Color is a crucial element of brand strategy; it is the visual component that consumers remember most about a brand. That’s why color consistency across a brand is so vital. But ensuring repeatable, consistent color across brand packaging can sometimes prove a major challenge—especially when dealing with a range of substrates, package formats, print providers, and printing methods.
In late 2011, that was exactly the challenge faced by Sun Branding Solutions—a U.K.-based global brand life-cycle management agency—when it was asked by Mondelez International to manage the rebranding of its European chewing gum brands Trident, Stimerol, and Hollywood.
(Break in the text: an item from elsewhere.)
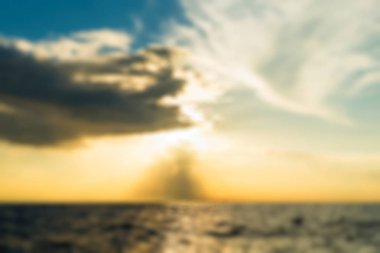 Ove Pasifik Okyanusu yükselen güneş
According to Sun Branding, the refresh was the biggest cross-country branding project embarked upon by Mondelez up until that time.
The master designs for the brands were refreshed by international design agency LPK and were adapted by Sun Branding for more than 700 SKUs across 11 European countries, and across multiple packaging formats and substrates. The Stimerol brand is found in the Nordic countries, while the Hollywood gum brand is sold in France, and Trident in southern European markets such as Greece and Spain.
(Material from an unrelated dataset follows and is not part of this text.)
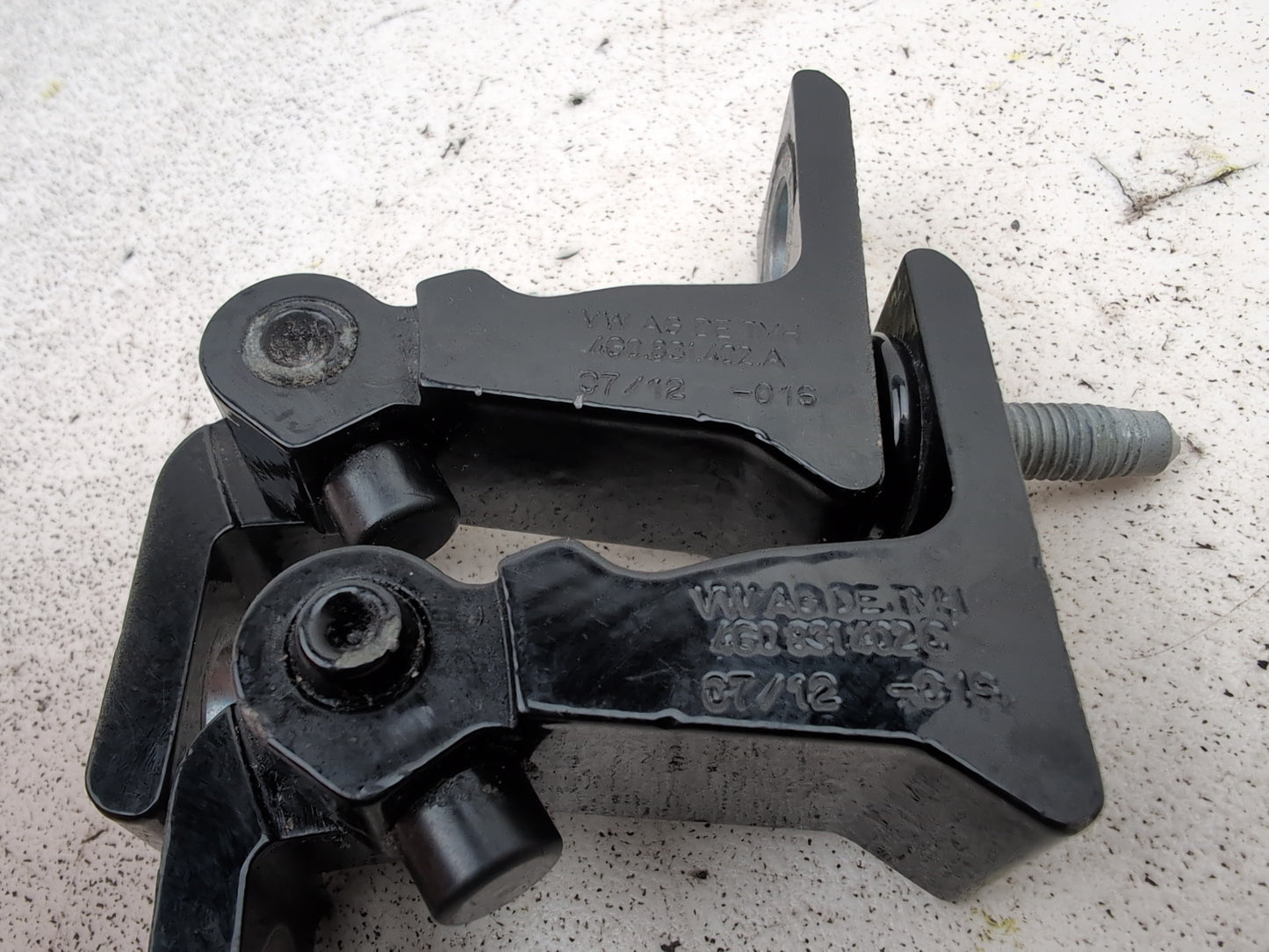 Audi A6 Se Tdi Quattro Auto Left Front Door Hinges Pair 4g0831401a 2011-2014 - photo 4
Says Sun Branding Business Unit Director Sue Thompson, “The scale of this project made it one of the most challenging we have managed for Mondelez, but also the most satisfying.”
Revitalizing the brands
Consistency—in both color and design—was the goal of Mondelez’ refresh of its Trident, Stimerol, and Hollywood brands in Europe and part of its strategy to revitalize the brands. “It was a massive undertaking, but an essential evolution for the brands, to bring them under a common positioning,” says Penny Thomas, Design Technology Project Manager for Mondelez.
This consistency was implemented at different levels of the design, relates Sun Branding Account Director Anne Martinet:
• All three brand logos use the same red “smile” underneath the logotype, printed in P186 (Pantone 186) red.
• Regardless of the brand, the flavors as well as the designs needed to look the same in all regions.
• Color consistency was required across a total of 30 printing machines producing primary packaging, shelf displays, and single and multipack packaging units, using lithographic, flexographic, and rotogravure printing methods across three different substrates. For example, litho and gravure were used for the paperboard packaging, while flexo and gravure were used for various types of film for multipacks. “On top of that,” says Martinet, “the SRPs [shelf-ready packages] had a blue wave on the bottom, half of which were common to all of the ranges, flavors, and brands. This was to help with the identification of products on-shelf, but as not all SRPs were printed by the same printers, we had to ensure consistency.”
At the outset of the project, Martinet says Sun Branding had pre-artwork meetings with LPK to guide them on color and print process restrictions. Once the designs were finalized, Sun Branding created color standards using the PantoneLIVE digital brand color management solution from Pantone for the key colors used in the Mondelez brand logos, SRPs, and major flavors. “All printers were required to create color draw downs that matched our standards, and we validated each draw down before production,” Martinet explains.
She adds that in addition to color standards, Sun Branding made master files that were approved by Mondelez before the rest of the formats were rolled out. All formats were then matched and validated against the approved masters.
One of the most difficult designs to work with was the Senses range of fruit-flavored gums, Martinet shares. “The Senses range was the most challenging due to the complexity of the design vignettes—from green to orange, or purple to pink, and so on,” she says. “We worked closely with LPK to achieve the expected results while keeping the number of colors used to a minimum, to ensure reasonable costs.”
The skill of the print providers was key in achieving the final outcome for all the SKUs, Martinet explains: “We have good relationships with our printers, having worked with them on previous projects. For those that we were working with for the first time, we made sure that we had all their latest and up-to-date specs. Ken Birch, our Print Technologist, attended most of the first print runs in order to help the printers achieve the expected results and offer guidance. This upfront attitude toward the color standards also helped to build relationships with the printers and in turn gave us insight to their press and print results.”
The refreshed Mondelez gum brands rolled out over several months toward the end of 2012. Martinet says the scope of the project provided some significant insights for Sun Branding. “Our key learning has been to engage with the printers at an early stage and carry out the majority of color and masters work upfront before the roll out. Had we not done this, we would not have achieved such consistency. We also had a dedicated team of account managers at Sun Branding Solutions, and in particular one global account manager who managed the masters with the global marketing team and who oversaw the roll out for the brands and formats.
“This is the first pan-European project of this magnitude that we managed for Mondelez, and it is also the first project of this scale that Mondelez embarked on. It has been hugely exciting to be part of this adventure. The success of this project lies in the fact that we managed to create a great working relationship with all parties—LPK, the global Mondelez team in Zurich, Mondelez’ Penny Thomas, and the printers.
Confirms Thomas, “Sun Branding expertly managed expectations of consistency across the brand, packaging, and display units, and we are very pleased with the results.”